Data Mining for good - SRI Pipe Dream or Pipe Nightmare?

Sergey Brin knows where I hide my toe nail clippings and Jeff Bezos can tell me what page I'm reading in the copy of SRI magazine next to the toilet.  Does this scare me?  Sometimes.  But  I wonder, could the massive data bases developed by companies like Google and Amazon, and the amazing capabilities companies like these have created to mine their data, be used to foster SRI,  support CSR and generally promote good (or at least not evil in the case of Google)?

Define “good”, thinks the discerning reader, a task far beyond my capability, but some examples might be a start.  Data mining and socially oriented marketing are already highly visible in product sales.  If I order a green lawn fertilizer from an Internet supplier, I will soon  be seeing ads for environmentally friendly insect repellents.  However, socially conscious product marketing generally seems to be limited to a handful of claims: green, recyclable, healthy, all natural, locally made, union made, or in some cases a sunnier version of a claim that the product was not made in a sweatshop. 

A seller with information culled from Google's data could do a lot more.  For example, anyone who tracks my visits to charitable sites (Are you paying attention Sergei? Always, all right then, I won't ask again) knows I prefer the “teach a man to fish” approach, except in emergencies.  Right now you could batter me with ads for “Save Haiti” t-shirts promising a portion of the sale proceeds would go to Haitian relief and get no reaction.  I don't need a t-shirt, just giving cash made more sense.  An ad for a t-shirt actually made in Haiti by  people working in safe conditions and earning a living wage might get a very different reaction.  More generally, a seller seeking to market a product based on a socially beneficial attribute could find buyers whose Internet habits (not just purchases, but all the data) demonstrate an interest in that attribute.  One result?  If more products can be marketed more effectively based on their socially beneficial qualities then more “good” products will be made and used.

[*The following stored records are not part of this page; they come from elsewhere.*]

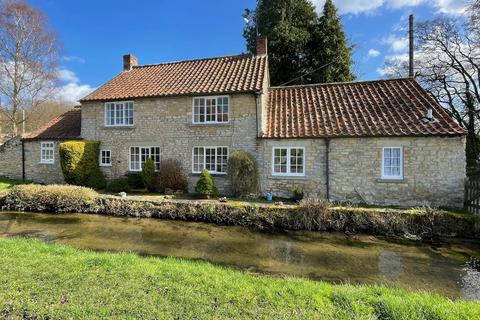 3 bedroom detached house for sale, Maltongate, Thornton-Le-Dale, Pickering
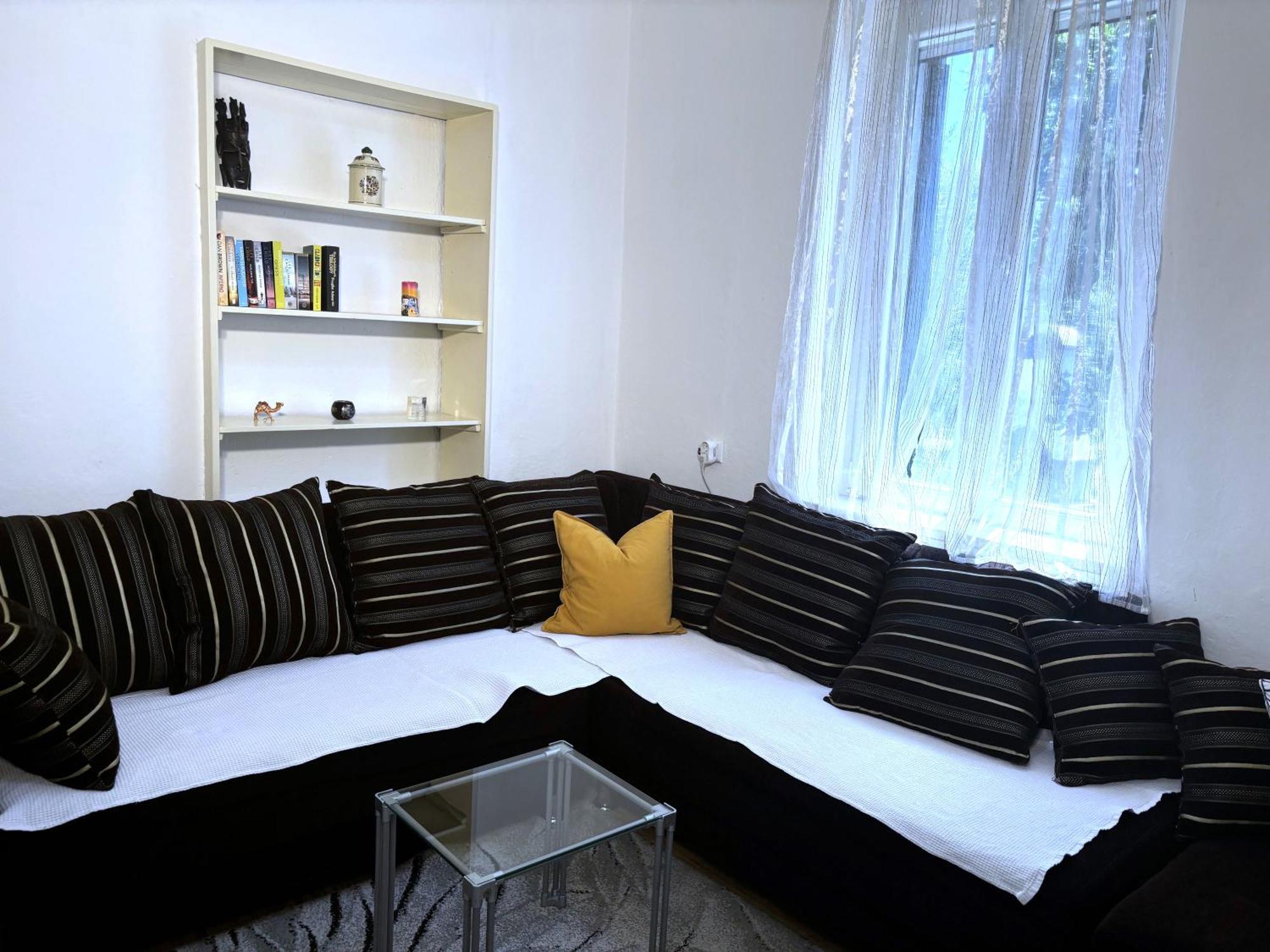 Апартаменты Authentic Dalmatian House Каштела Экстерьер фото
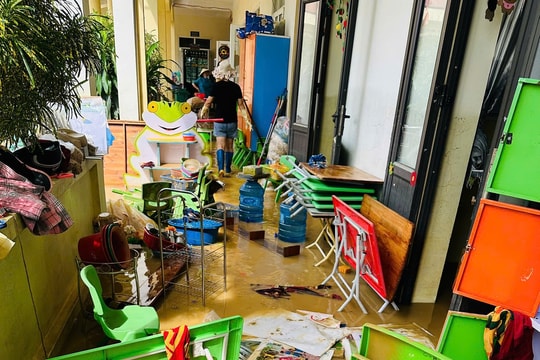 Giáo viên, học sinh, bộ đội, công an chung tay dọn dẹp trường lớp sau bão số 10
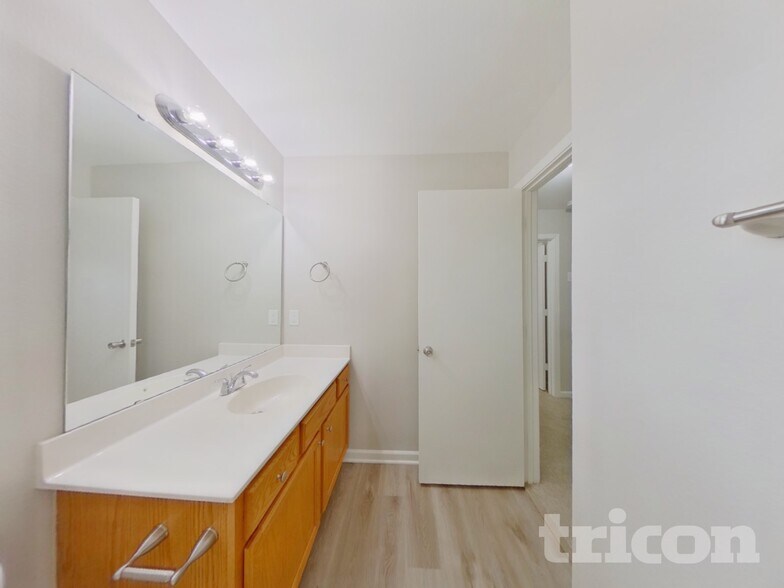 Building Photo - 1548 Hollow Maple Dr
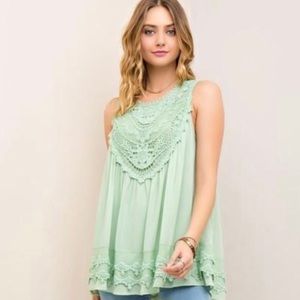 Entro Women’s Crocheted Mint Green Flowy Top; Size Small
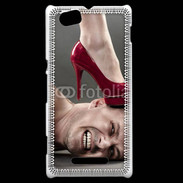 Coque Sony Xperia M Homme sous escarpin 2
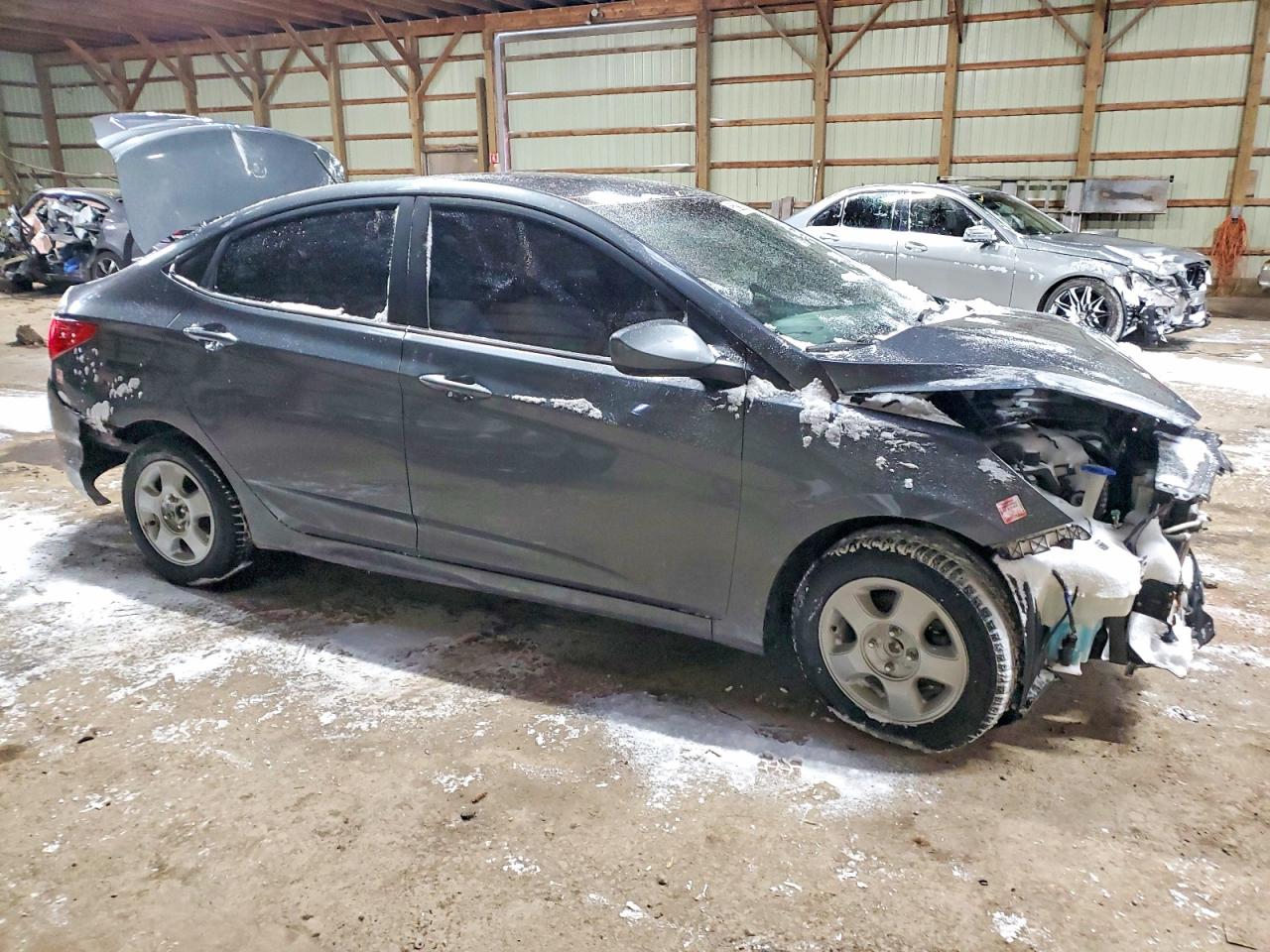 2012 HYUNDAI ACCENT GLS photo 4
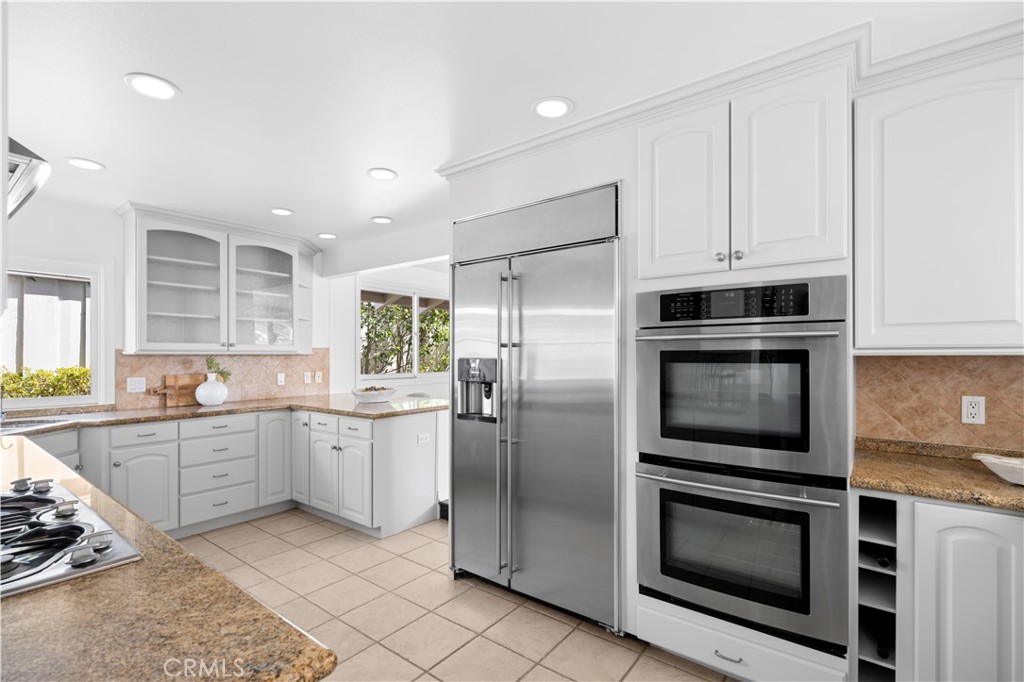 2601 Lighthouse Property Photo 11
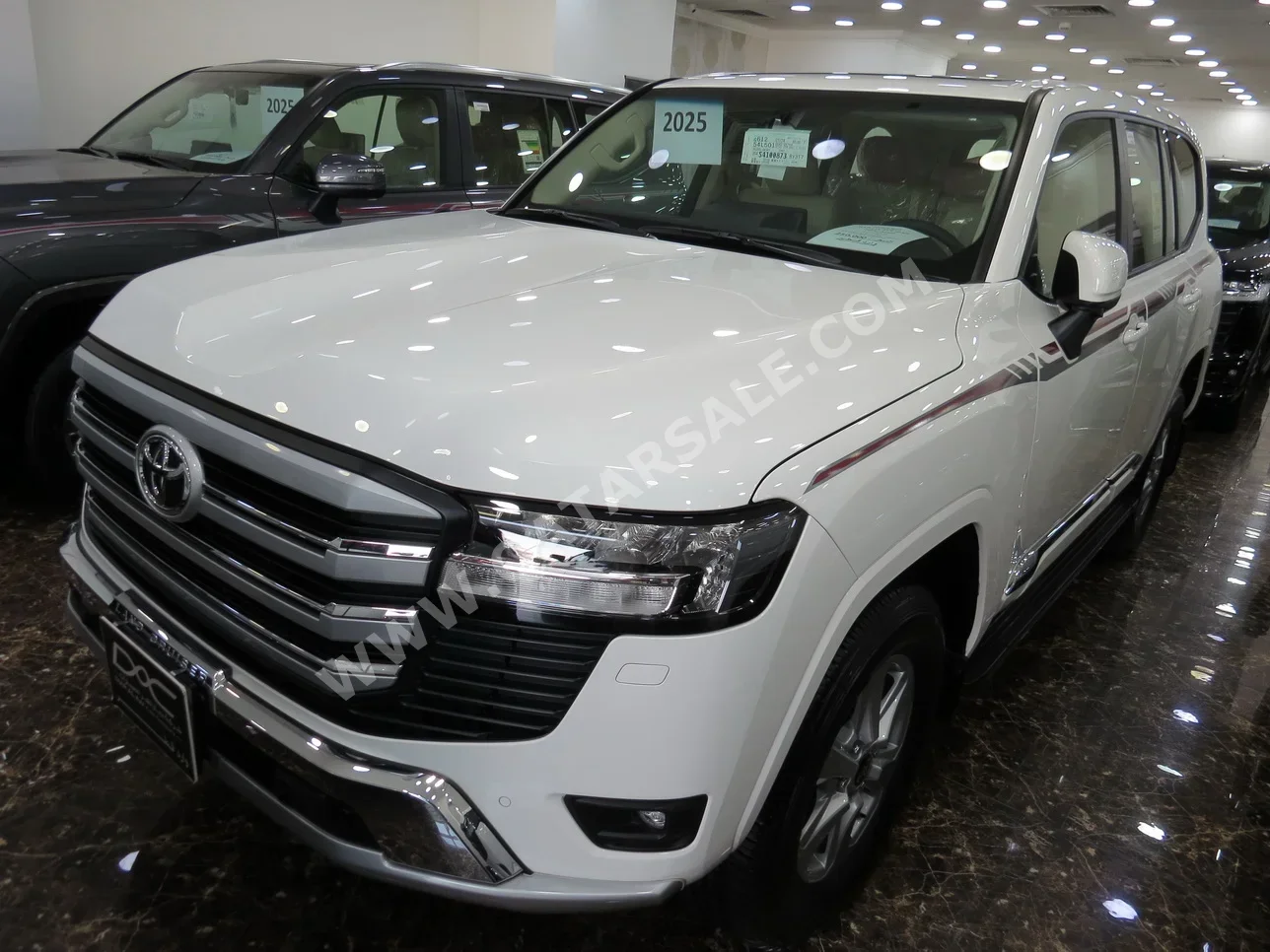 Toyota  Land Cruiser  GXR  2025  Automatic  0 Km  6 Cylinder  Four Wheel Drive (4WD)  SUV  White  With Warranty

Data mining isn't just about product and service sales, think SRI and venture capital connections.  Consider Goodco, a start-up  looking for venture capital.  The business plan shows a few years of shaky returns, but the product is vital to the health and well being of an under served population.  If the product is a new anti-malaria salve, Goodco  can probably find Bill Gates on its own.  If the product is small scale desalination systems that will serve remote, water short African populations cost effectively – well maybe Sergei can tell Goodco that Larry Ellison is a prospect.  Larry might not be remote (well, actually Larry is remote), but Sergei's data shows he sails past a lot of tropical islets that need water and he's interested in desalination.  Now suppose Goodco needs to recruit a new CFO who really understands how to deal with African governments, NGOs and engineering suppliers.  Sergei, might you be the world's most knowledgeable headhunter in waiting?

Right now much of this type of data mining for social good is a pipe dream, or  a pipe nightmare.  A thicket of national and subnational laws that protect privacy and protect consumers and investors from fraud would often get in the way, and generally for good reason.  But Sergei has the data, he knows how to mine it and he'd probably like to be allowed to do more with these capabilities, because he could ring much value, and profit,  from them.  Sergei, why not take the initiative, develop your own  proposals to data mine for some not-for-profit good, create enough privacy and fraud safeguards to convince a few regulators that your plans  are workable and  then put your algorithms to good use.  If it all works, maybe you can eventually convince the regulators that the same safeguards would justify expanded  for profit usage of mined data, in the meantime we'll all benefit.